Happy Reading gaisyy...
Semoga pada syuka. ❤️Kau tahu, kabar terburuk bagi seorang ayah adalah ketika anak yang selama ini menjadi alasannya bekerja mati-matian, ternyata tidak bisa mencapai apa yang ia harapkan.
-Author
oooooo
Liana memasukkan se-sendok nasi ke mulut dengan gerakan pelan dan juga mengunyah secara perlahan. Rasanya pahit, ingin sekali ia mengeluarkannya tapi tidak mungkin karna akan merusak suasana makan malam ini.
Rambutnya ntah sudah berapa hari tidak disisir, membiarkannya terikat secara asal, sesekali ia menyisihkan bawang yang ada dipiringnya. Ia tidak suka salah satu bumbu itu karna terasa lincin di lidahnya dan menurutnya tidak enak.
Ibunya malam ini memasak sayur bayam yang ditumis dan sambal ikan teri campur tempe. Kalau saja ia tidak sedang memiliki masalah berat, pastilah ia makan dengan lahap.
"Kenapanya kau Liana?" Tanya Ayahnya heran, sebab yang ia tabu selama ini anak gadisnya selalu ceria, selalu suka membicarakan tentang kampus yang akan dimasuki. Tapi malam ini wajahnya terlihat sangat murung.
Liana tidak bergeming, dan tetap melanjutkan kegiatan makannya. Sebab sedari dulu ibunya sudah berpesan kalau ada topik yang mengarah ke emosi maka jangan dibahas saat makan, hal itulah yang membuatnya tidak mau angkay bicara sekarang.
Ayahnya baru pulang tadi sore setelah beberapa hari ikut mengurus kayu balok yang dijual ke kota. Ladang mereka yang semula berisi rambung kini menjadi kosong, katanya akan ditanami pisang dulu baru sawit.
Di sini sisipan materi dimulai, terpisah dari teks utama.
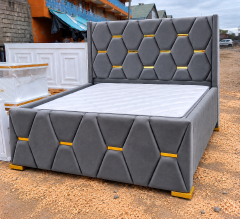 BIGGEST SALE OFFER!!!Luxury Upholstered Chester Bed with Gold Accents – Modern Tufted Velvet Bed Frame with Headboard & Footboard| Grey, Black, Beige, Brown, Green & Blue without bedding NO MATTRESS!!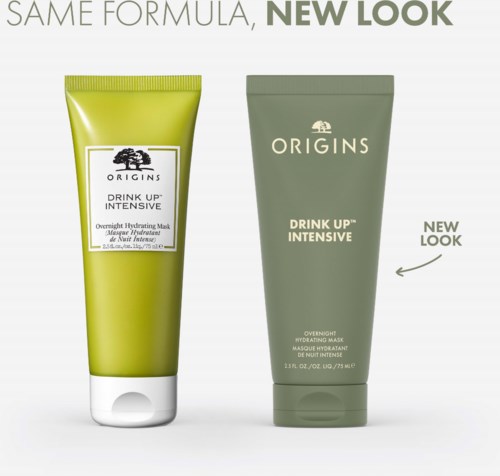 Zwei grüne Tuben mit Hautpflegeprodukten 'Drink Up Intensive' von Origins, alte und neue Optik.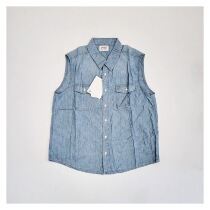 Spot VISVIM 22SS CUT OFF SHIRT CHAMBRAY vest sleeveless shirt limited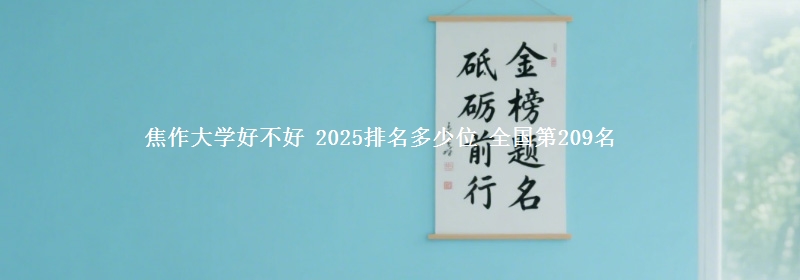 焦作大学全国排名多少位：全国第209名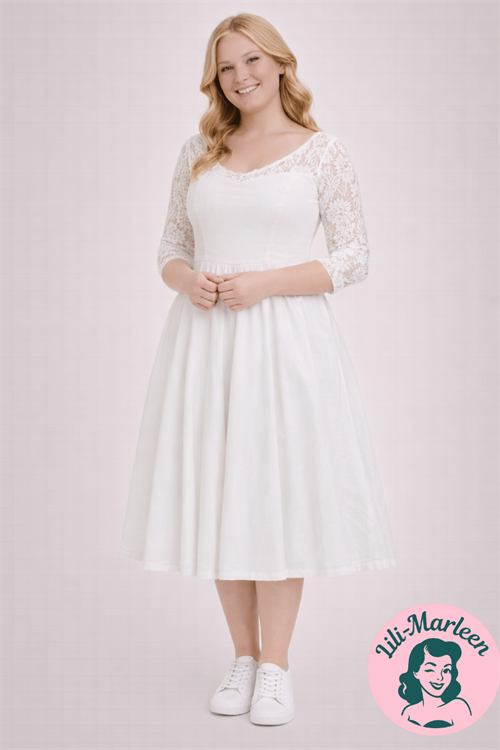 Vintageinspireret cremekjole - Sky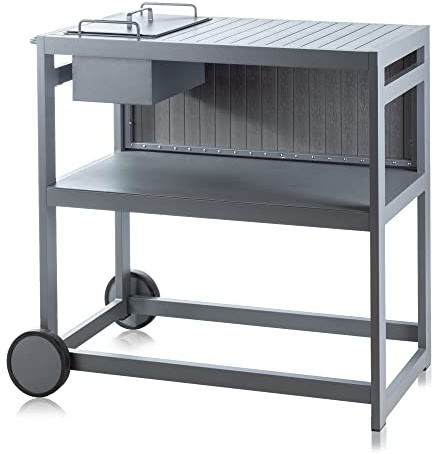Alfresia Garden Bar Table – Aluminium Tall Counter with Ice Bucket, Cocktail Bar Table on Wheels, Grey, Outdoor Drinks Trolley, Weather Resistant, Durable, Wood Effect Countertop, Garden and Patio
Sebab sekarang harga pisang lagi naik-naiknya sehingga ayahnya mantap membukanya, lagian getahpun sekarang harganya murah, tidak cukup untuk memenuhi kebutuhan.
"Kenapanya borumu ini Rosma?" tanya ayahnya ke ibu Lia karna tak kunjung mendapat jawaban.
"Makan aja dulu bang, nanti kalau udah kenyang baru dibahas," sahut Rosma cuek sambil menambahkan nasi ke piring suaminya itu.
"Oii...yang sikitanlah makanmu itu Liana," ucap Ayahnya lagi ketika ia mencuci tangan di baskom kecil yang airnya khusus.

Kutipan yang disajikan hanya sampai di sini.